Peabody Energy: Buybacks & Dividends On The Way
A 30,000 Foot View of Coal & Why I Own Peabody Energy
Summary
While the energy sector is vilified, the coal sector is viewed even more pessimistically. In my opinion, there is a disconnect between the reality spun by the media and the reality on the ground when it comes to coal.
Coal use reached record levels in 2022, and developments overseas lead me to believe that we will see continued demand for thermal and metallurgical coal.
Peabody Energy recently announced that it has dealt with their surety agreement which had covenants to restrict shareholder returns.
Management announced a $1B buyback program and a small fixed dividend (1.25% yield), and they plan to return 65% of free cash flow to shareholders.
Peabody is a large position in my portfolio and I have been adding shares over the last couple weeks.
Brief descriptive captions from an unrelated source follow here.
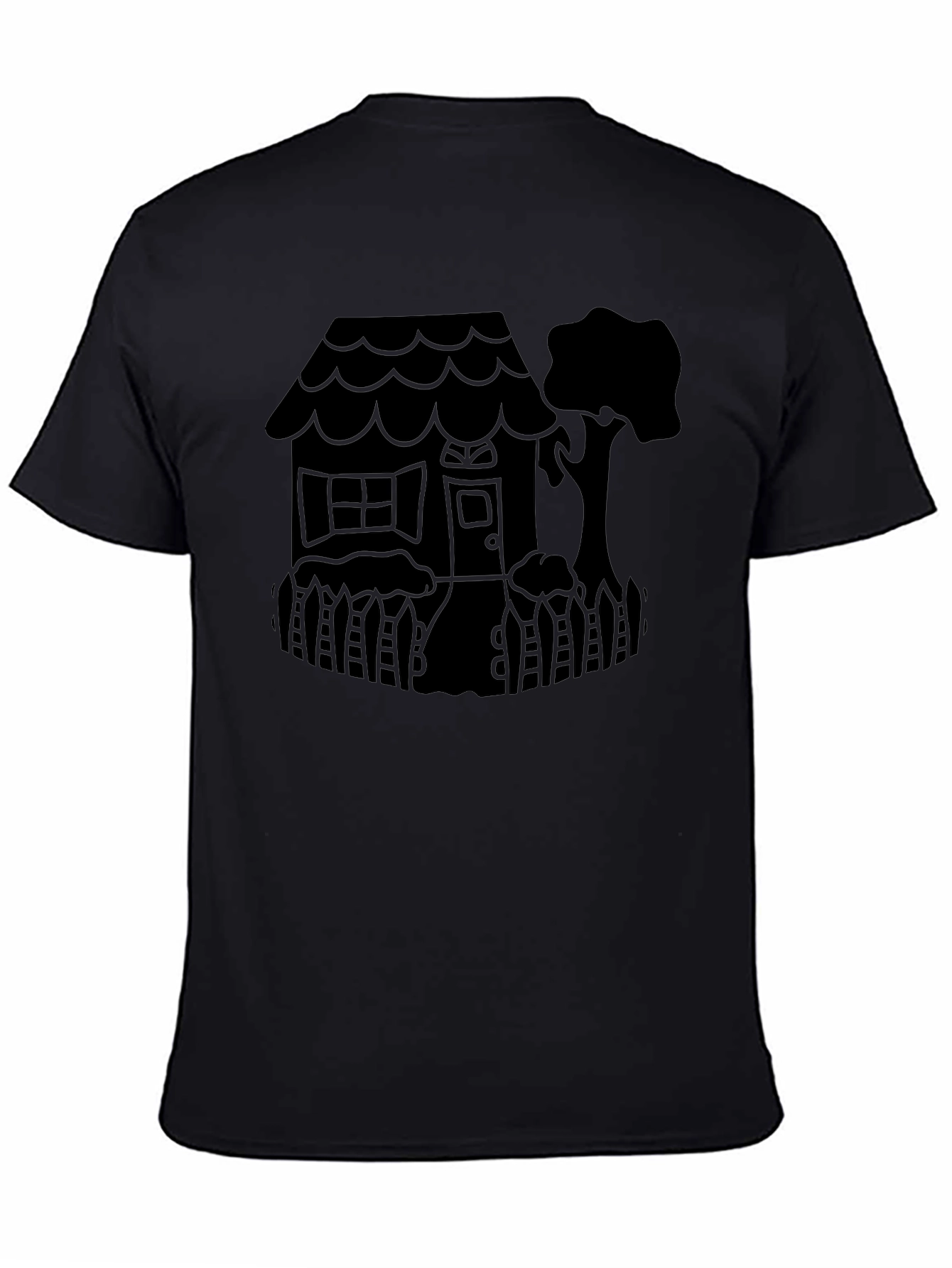Quirky House Tree Graphic Black T-Shirt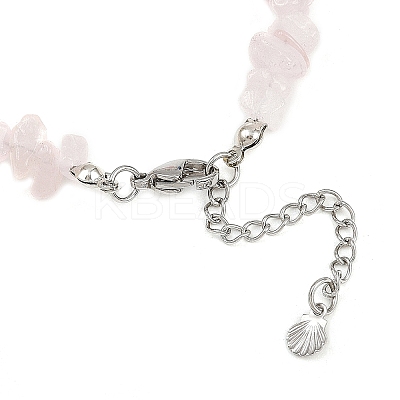 Dyed Synthetic Turquoise Starfish & Natural Rose Quartz Chip Beaded Anklets with 304 Stainless Steel End Chains AJEW-AN00733-01-1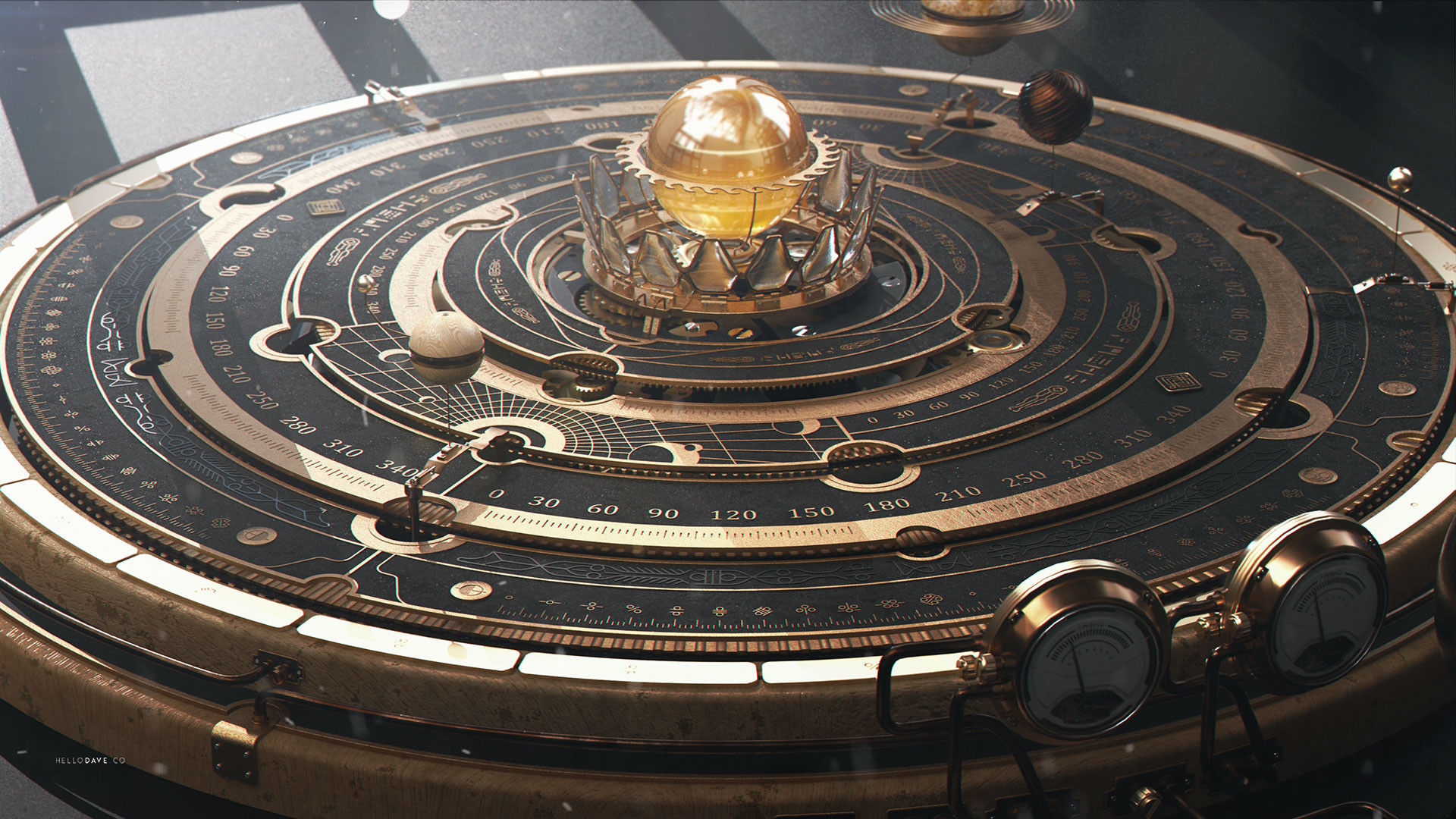 Steampunk Astrolabe with Celestial Orbs HD Wallpaper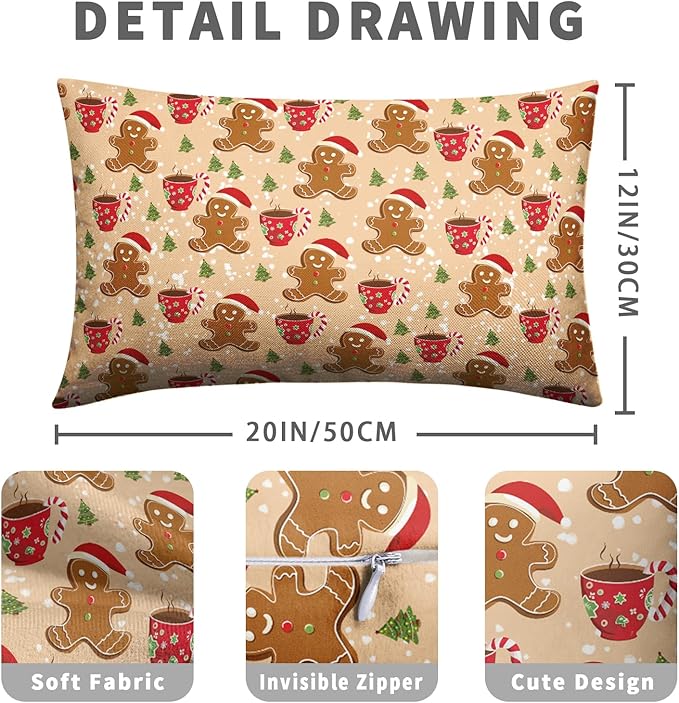 Christmas Gingerbread Lumbar Pillow Covers 12x20 Set of 2 Cute Gingerbread Cafe Xmas Tree Rectangle Throw Pillow Cover Christmas Orange Pillow Case for Home Couch Sofa Winter Decoration
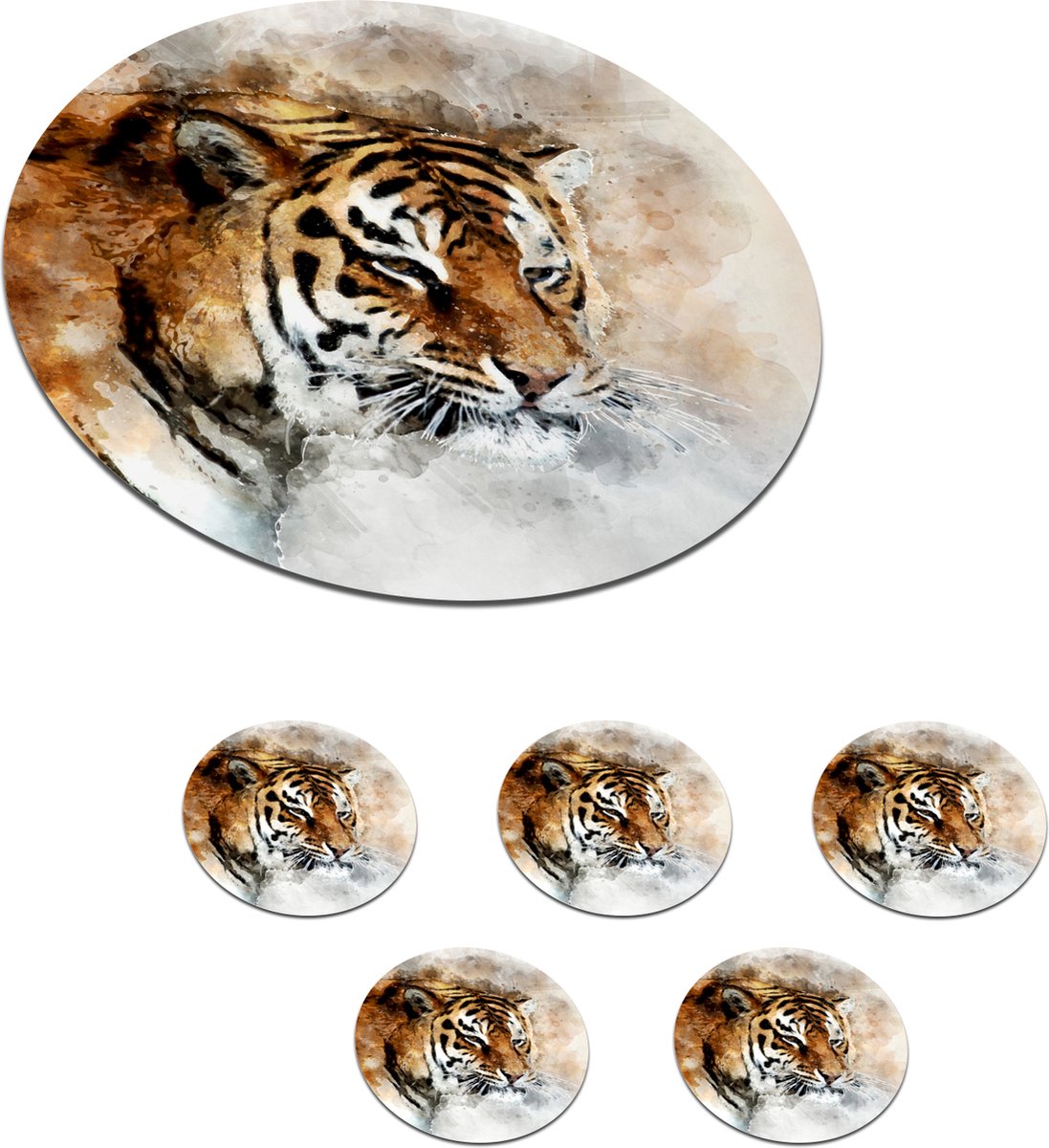 Onderzetters voor glazen - Rond - Tijger - Schilderij - Wit - 10x10 cm - Glasonderzetters - 6 stuks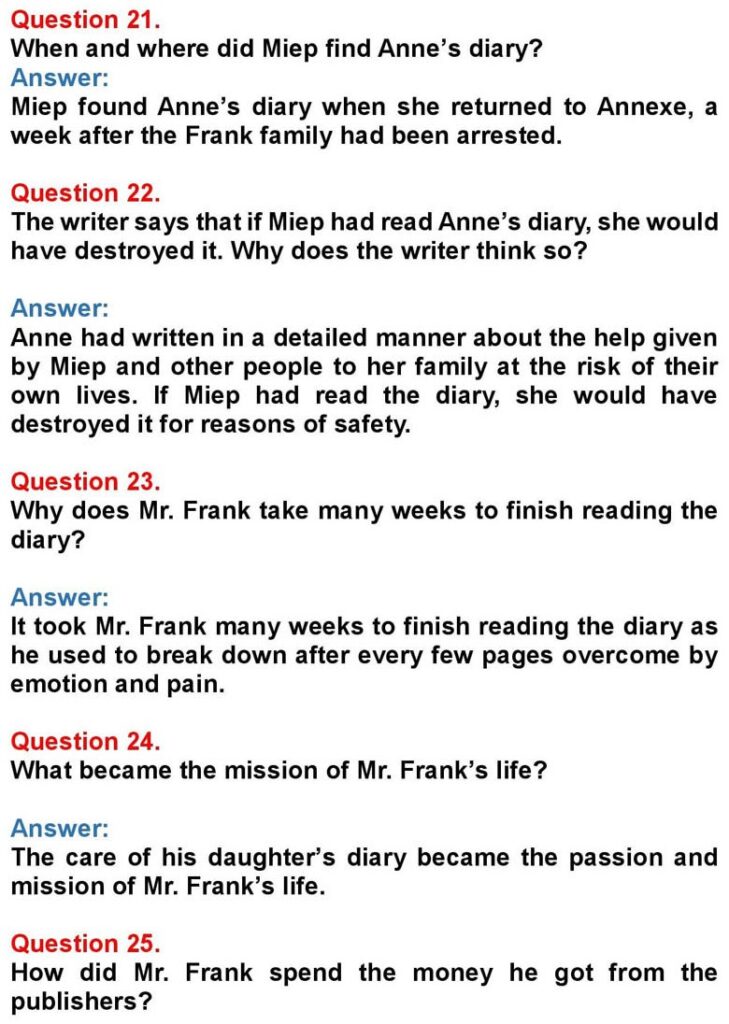 Class 10 English Chapter 7: The Girl Who Was Anne Frank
In my post on Thursday, I talked about inflation and how I think inflation will be higher for longer. While inflation rates are bound to fluctuate, I think they will be consistently higher than in recent memory. One of the sectors that I think will perform well in an inflationary decade is the energy sector. Today I will be writing about Peabody Energy BTU 0.00%↑, a coal company with a market capitalization of $3.5B.
Now, I know what you’re thinking. The first stock he writes about is a coal company? The energy sector has been vilified over the last decade, and the coal subsector in particular is viewed as the dirtiest part of the energy sector. Before I get into company specifics, I wanted to give a couple highlights on the coal industry and why I think a coal company like Peabody Energy represents a good risk/reward proposition.
Coal: A 30,000 Foot View
Despite the continued push towards so-called renewable energy like solar and wind, coal accounted for more than 20% of America’s electricity generation in 2021. This varies depending on the region. In Washington, we rely heavily on hydro power, while there are eight states that still generate more than half of their electricity from coal.
“West Virginia, Wyoming, Missouri, Kentucky, Utah, North Dakota, Indiana, and Nebraska accounted for just 11 percent of U.S. power generation in 2020, but 38 percent of its coal-fired generation.”
2022 was the highest year on record for coal consumption around the world. While the narrative is that the world is transitioning away from coal, the facts paint a different picture. Coal isn’t just used for power generation (thermal coal). It is a critical input in the steelmaking process, with over 70% of steel production around the world relying on coal (called metallurgical or coking coal).
Not only is coal use actually increasing around the world, but it is also a significant part of the manufacturing process for solar (31,500 kg of coal per megawatt) and wind power (170,000 kg of coal for the average wind turbine). Solar and wind are called renewable, but when you look at what it takes to create solar and wind, they look more like a grift for massive government subsidies instead of the best investments in our society’s electric grid.
“Solar and wind (and EVs) are just transformed oil, coal, and natural gas. One day we will look back and wonder why we used an insane amount of energy and oil to create batteries for electric motor vehicles, then charged said vehicles with coal and natural gas, instead of just using the gasoline or diesel to fuel the vehicle itself.”
- Praetorian Capital Founder, Harris Kupperman
Looking Overseas
While it is easy to focus on what is going on in the United States as Americans, it is worth looking at countries around the world to see how their energy transition is going. Germany has been shutting down nuclear plants in recent years in favor of solar and wind. In the last year, they were forced to bring coal plants online to meet energy demand after the Nord Stream pipeline bringing natural gas from Russia was sabotaged. They now have the “dirtiest” energy grid in Europe.
As we type this piece, more than 40% of Germany’s electricity is being produced by coal.
- Energy Expert Doomberg in January
China has taken a different approach for their energy grid. They are rapidly building nuclear plants as well as coal plants. China doesn’t have access to abundant natural gas like we do here in the US, and they are building the equivalent of two new coal plants per week. Natural gas is a cleaner power source than coal and a better long-term solution for baseload power for those concerned about the environment. It is also a pain in the ass to transport and store, which means it isn’t practical for every country. Coal doesn’t have either of these issues.
Peabody Energy
Now that I have given my view of the coal industry from 30,000 feet, let’s dive into Peabody Energy. Peabody has operations here in the America as well as Australia. In 2020, investors assumed Peabody was on its way to bankruptcy (again), and shares were trading under a dollar. As coal prices increased dramatically in 2021, Peabody became extremely profitable, earning over $360M in 2021 ($3.21 in EPS) and $1.3B in 2022 ($8.31 in EPS). They earned just under $270M in 2023 Q1, or $1.69 per share. Coal prices have come down a bit since 2022, but they are still well above where they were in 2021 (and before).